If you are considering buying a sewing machine and need a little help choosing, this article is for you. If you already did your homework, have a price range in mind, and also a list of functions you need, then I suggest you skip directly to my up-to-date list of entry-level contestants presented in my article “Top-rated sewing machines for beginners“.
Note: This article was updated as of December 2023. Due to the volatility of the market, availability, prices and stock might be different. Please use the provided link to search for the latest offers.
Buying a sewing machine or any other large piece of electronic equipment on Amazon is always difficult and there is always a chance that once you buy an item you will simply not like it, or will not be able to adapt to its peculiarities. I myself have bought the past sewing machines only to find out after two months that while the machine does what it says it does, I do not really like to work with it.
This is (for me) the main reason why when buying an expensive sewing machine I will always visit the local dealer where I can try it, sometimes for a couple of days, I can ask questions and I know I can come back for service if necessary.
But what if you need to buy a cheaper machine, because you just start to learn sewing, or just as a spare, or to save your nice and expensive all-powerful darling? Here is where Amazon is unbeatable, both in selection and price.
The easy Amazon return policy and the huge amount of reviews for some machines make it easier for the buyer; first, you can read what others say about the machine without actually buying. Second, if when you get it you really don’t like it, you can easily return it.
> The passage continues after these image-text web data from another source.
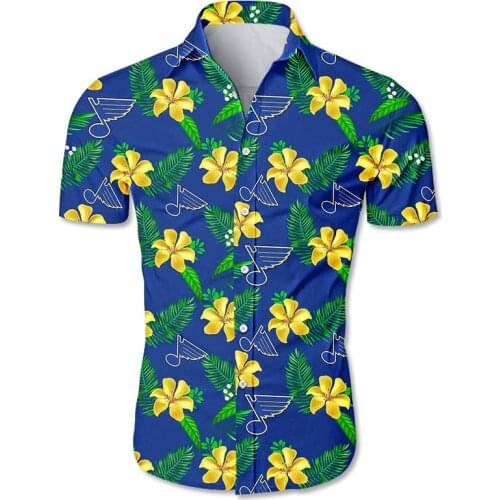 St. Louis mens casual hawaiian shirts Yellow flower blue wings print 3D Blues tops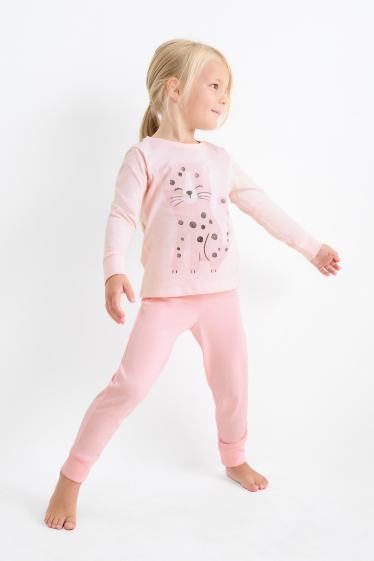Children Girls - Multipack of 2 - cheetah - pyjamas - 4 piece - rose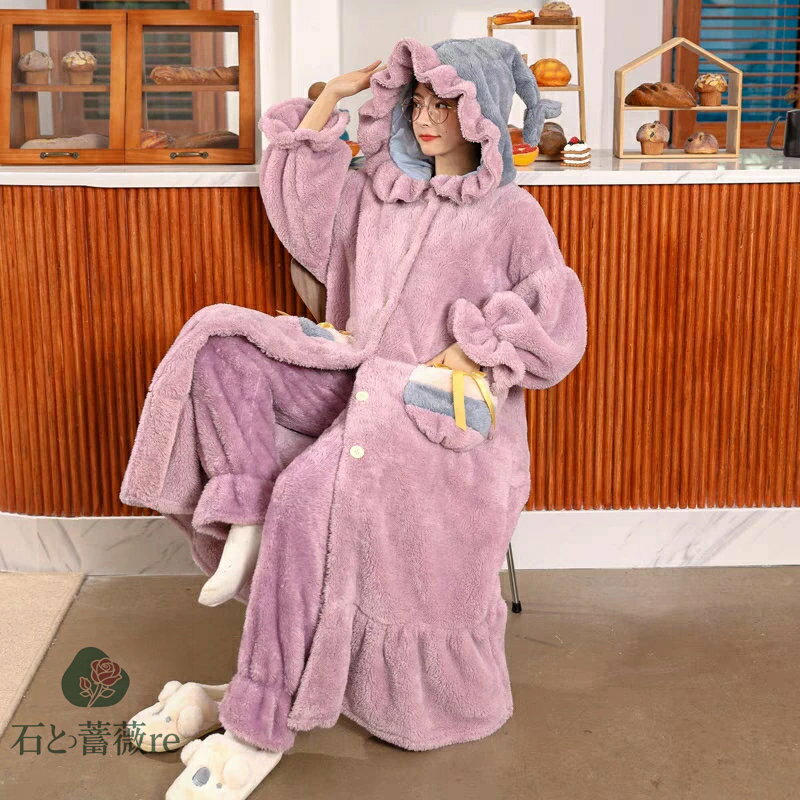 パジャマ 着ぐるみ 可愛い もこもこ 小魔女 パジャマ ガウン 小学生 女の子 冬 ルームウェア パープル もこもこ パジャマ フード付き モコモコパジャマ レディース ペアパジャマ 秋冬 ナイトガウン 修学旅行 中学生 カップル ペア 部屋着 誕生日 着る毛布 プレゼント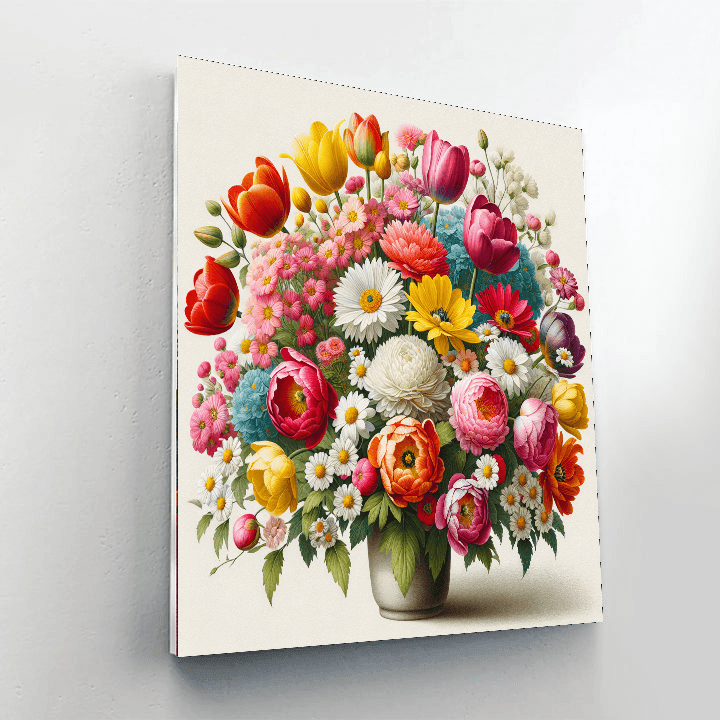 Charming Floral Bouquet Number Painting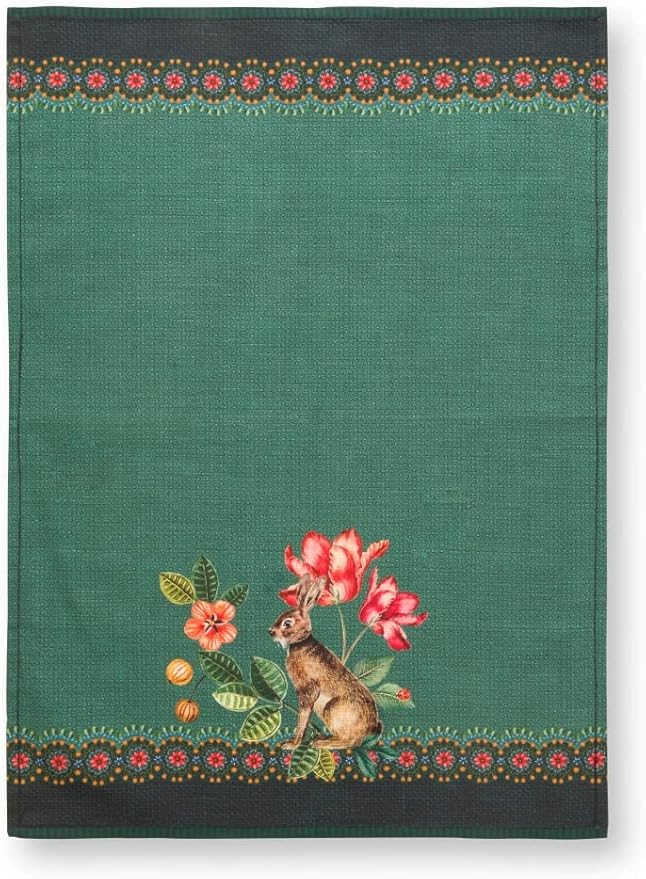 Pip Studio Πετσέτα Κουζίνας Winter Wonderland Rabbit Green 50x70cm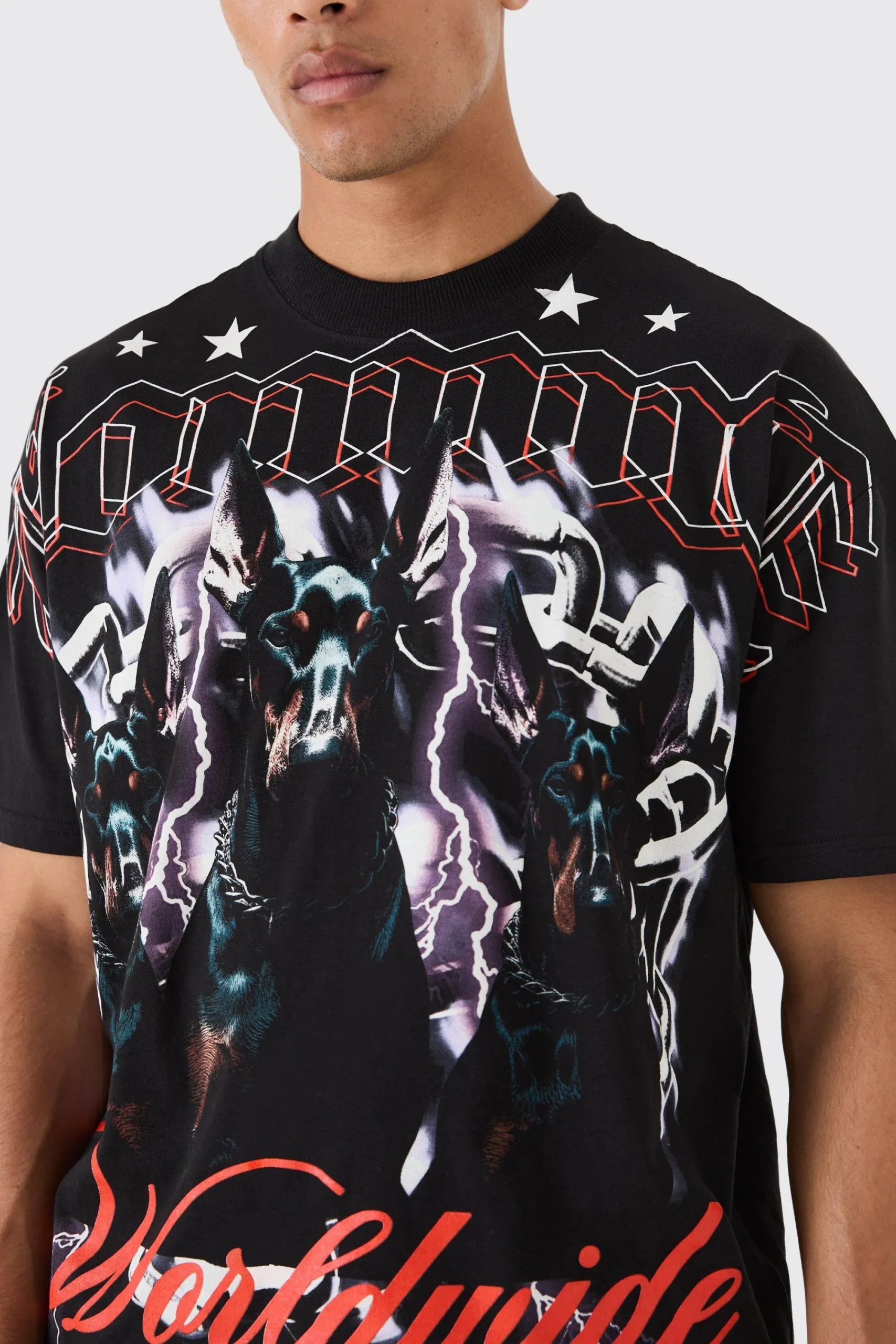 Oversized Large Scale Homme Dog Print T-shirt | UK^boohooMAN Hot
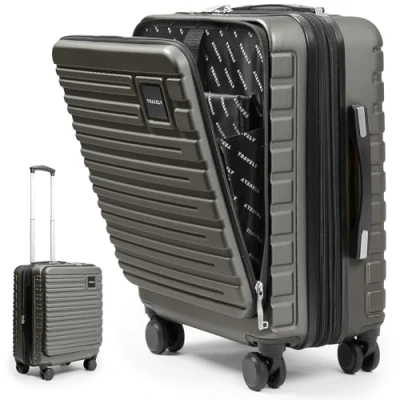Afbeelding van handbagage 55x40x23cm expandable geschikt voor Lufthansa, Eurowings en co. I 41 50L trolley met zachte wielen praktisch TSA slot, reiskoffer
But the same selection poses a huge problem: what to buy, and how to decipher the ratings? I will try to explain how I am doing it, and I would love to see comments and advice on this issue – I am sure everyone is interested!
I have considered only full-size sewing machines. The portables, and ones with limited functionality (which, surprisingly, are also on the best sellers list) belong in a totally separate category, as do the sergers, coverstitch, and embroidery machines.
Let’s establish first some ground rules:
My first rule is the following: where I have a choice, I will NEVER buy online a product that appeared on the market recently; there is no history of customer satisfaction, the product reliability history is unknown and it is well known that at the beginning the product may have some problems that will be fixed in later releases. Besides, last year’s model will probably be cheaper for the same functionality.
So the first rule says: buy last year’s model.
The second rule: always look for mature products that have a large body of customer reviews. Do not expect all reviews to be good; this will never happen. There will always be a number, sometimes a large number, of people that had issues with the product. The questions here are, WHAT issues they had, if we can determine a pattern for the problems that occurred and if the problems are a red flag for us, for the intended use.
The second rule is: to buy products that already have many customer reviews.
Third rule: where there is a choice, from the beginning remove from the list of acceptable products the ones that have really low customer satisfaction, unless special circumstances warrant inclusion of such products ( for example, the sewing machine is to be used for one project only, and the project will be finished within the 30 days Amazon allows for returns ).
So let’s get to work; it took me about two evenings to compile the facts for this article, so let’s not waste time.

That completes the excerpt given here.